Au cours des années précédentes, la campagne Telefood de la FAO a permis d'assister des initiatives de faible envergure en faveur du secteur des pêches. Parmi celles-ci, l'on peut citer la construction d'une machine à glace pour un groupe de pêcheurs artisanaux còtiers, l'amélioration des étangs piscicoles de groupes de piscicultrices, la construction d'une écloserie de crevette pour des paysans touchés par de fortes tempêtes et inondations dans le Centre du Viet Nam en 1999, ainsi que la construction d'étangs piscicoles pour un groupe de lépreux, afin d'améliorer leurs moyens de subsistance et leur sécurité alimentaire.

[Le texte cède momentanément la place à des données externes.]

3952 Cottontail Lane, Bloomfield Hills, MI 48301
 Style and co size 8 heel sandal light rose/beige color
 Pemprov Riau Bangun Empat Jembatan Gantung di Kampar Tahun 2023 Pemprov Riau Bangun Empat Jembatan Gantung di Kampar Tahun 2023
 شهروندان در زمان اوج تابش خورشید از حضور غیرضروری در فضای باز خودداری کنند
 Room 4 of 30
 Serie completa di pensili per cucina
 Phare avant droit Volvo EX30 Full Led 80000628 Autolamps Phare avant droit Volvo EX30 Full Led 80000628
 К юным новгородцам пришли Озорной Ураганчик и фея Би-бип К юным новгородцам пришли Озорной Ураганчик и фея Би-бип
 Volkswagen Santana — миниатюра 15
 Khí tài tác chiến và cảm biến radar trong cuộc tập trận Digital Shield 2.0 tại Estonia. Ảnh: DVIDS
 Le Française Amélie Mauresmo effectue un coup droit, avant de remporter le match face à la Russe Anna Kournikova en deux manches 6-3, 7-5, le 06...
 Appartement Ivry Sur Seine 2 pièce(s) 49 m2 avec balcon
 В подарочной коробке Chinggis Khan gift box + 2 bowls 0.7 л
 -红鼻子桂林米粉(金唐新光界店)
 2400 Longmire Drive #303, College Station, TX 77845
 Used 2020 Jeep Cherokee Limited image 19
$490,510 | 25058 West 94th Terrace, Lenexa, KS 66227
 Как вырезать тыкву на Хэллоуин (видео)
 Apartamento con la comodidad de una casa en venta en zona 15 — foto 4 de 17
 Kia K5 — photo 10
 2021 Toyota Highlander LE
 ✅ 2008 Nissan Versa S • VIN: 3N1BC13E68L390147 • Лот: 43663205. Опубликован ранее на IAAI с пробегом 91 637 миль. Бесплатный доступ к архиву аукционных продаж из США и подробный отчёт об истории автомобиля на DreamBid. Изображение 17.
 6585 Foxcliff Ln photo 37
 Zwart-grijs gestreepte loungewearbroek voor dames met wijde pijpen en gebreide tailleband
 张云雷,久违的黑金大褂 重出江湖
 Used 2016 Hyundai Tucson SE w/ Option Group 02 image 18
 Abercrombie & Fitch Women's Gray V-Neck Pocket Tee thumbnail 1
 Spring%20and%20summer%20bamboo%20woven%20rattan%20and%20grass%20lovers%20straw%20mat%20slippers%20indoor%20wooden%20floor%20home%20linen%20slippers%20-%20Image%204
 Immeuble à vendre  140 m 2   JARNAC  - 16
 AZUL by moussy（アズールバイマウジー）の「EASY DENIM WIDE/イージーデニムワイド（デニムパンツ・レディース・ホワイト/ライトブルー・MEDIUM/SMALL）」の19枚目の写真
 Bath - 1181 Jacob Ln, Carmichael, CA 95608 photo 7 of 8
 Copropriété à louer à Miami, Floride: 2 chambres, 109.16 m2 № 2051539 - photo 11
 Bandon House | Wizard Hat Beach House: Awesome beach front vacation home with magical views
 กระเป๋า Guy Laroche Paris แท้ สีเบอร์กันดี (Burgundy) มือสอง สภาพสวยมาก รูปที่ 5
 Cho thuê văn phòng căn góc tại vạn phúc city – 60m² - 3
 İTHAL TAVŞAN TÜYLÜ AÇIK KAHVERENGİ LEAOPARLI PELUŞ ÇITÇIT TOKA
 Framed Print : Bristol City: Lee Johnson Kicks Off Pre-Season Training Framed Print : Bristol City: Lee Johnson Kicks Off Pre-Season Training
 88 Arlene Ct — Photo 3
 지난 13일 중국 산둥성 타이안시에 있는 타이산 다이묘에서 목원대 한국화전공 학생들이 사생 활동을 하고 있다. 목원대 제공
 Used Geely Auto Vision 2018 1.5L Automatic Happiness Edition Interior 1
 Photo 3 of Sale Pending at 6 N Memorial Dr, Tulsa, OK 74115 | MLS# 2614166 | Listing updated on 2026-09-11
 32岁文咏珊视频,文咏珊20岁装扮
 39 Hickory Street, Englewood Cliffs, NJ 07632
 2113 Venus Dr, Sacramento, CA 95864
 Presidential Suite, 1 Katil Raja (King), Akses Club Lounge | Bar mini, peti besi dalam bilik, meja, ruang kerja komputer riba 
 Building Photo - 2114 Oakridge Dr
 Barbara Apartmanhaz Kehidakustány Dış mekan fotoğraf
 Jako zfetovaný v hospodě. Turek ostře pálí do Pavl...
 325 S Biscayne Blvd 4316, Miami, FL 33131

 Élevage de moules vertes asiatiques près de l'île de Cat Ba (photo RVA 2000)

Assistances futures

Les activités de la FAO dans le secteur vietnamien des pêches se poursuivront par l'intermédiaire de son Programme de coopération technique et de projets financés par le des projets Telefood. Cette poursuite de la collaboration avec le gouvernement vietnamien, les institutions nationales et les autres agences de donateurs devraient permettre d'encore renforcer davantage le secteur. Les domaines prioritaires futurs sont notamment:

  • Pour les écloseries de crevette, mise en place de technologies garantissant la production de nauplii et de postlarves de qualité, afin de réduire la distribution géographique et la sévérité d'épidémies que l'on pense résulter des transports de crevettes vivantes d'un lieu à un autre et du remplacement rapide de systèmes de production extensifs par des systèmes plus intensifs.
  • Une étude des pêches còtières, afin de contribuer aux efforts du gouvernement vietnamien en vue de faire respecter les politiques soutenant l'évolution vers des pêches còtières durables
  • Une étude sur la commercialisation et le crédit dans le secteur vietnamien des pêches, afin d'améliorer les moyens de subsistance des personnes employées dans ce secteur, par la collection et l'analyse des informations concernant la commercialisation des produits de la pêche ainsi que par la dissémination des résultats à tous les acteurs concernés du secteur.
  • La poursuite de l'assistance de la FAO au programme SAPA, au CPG et à MOFI.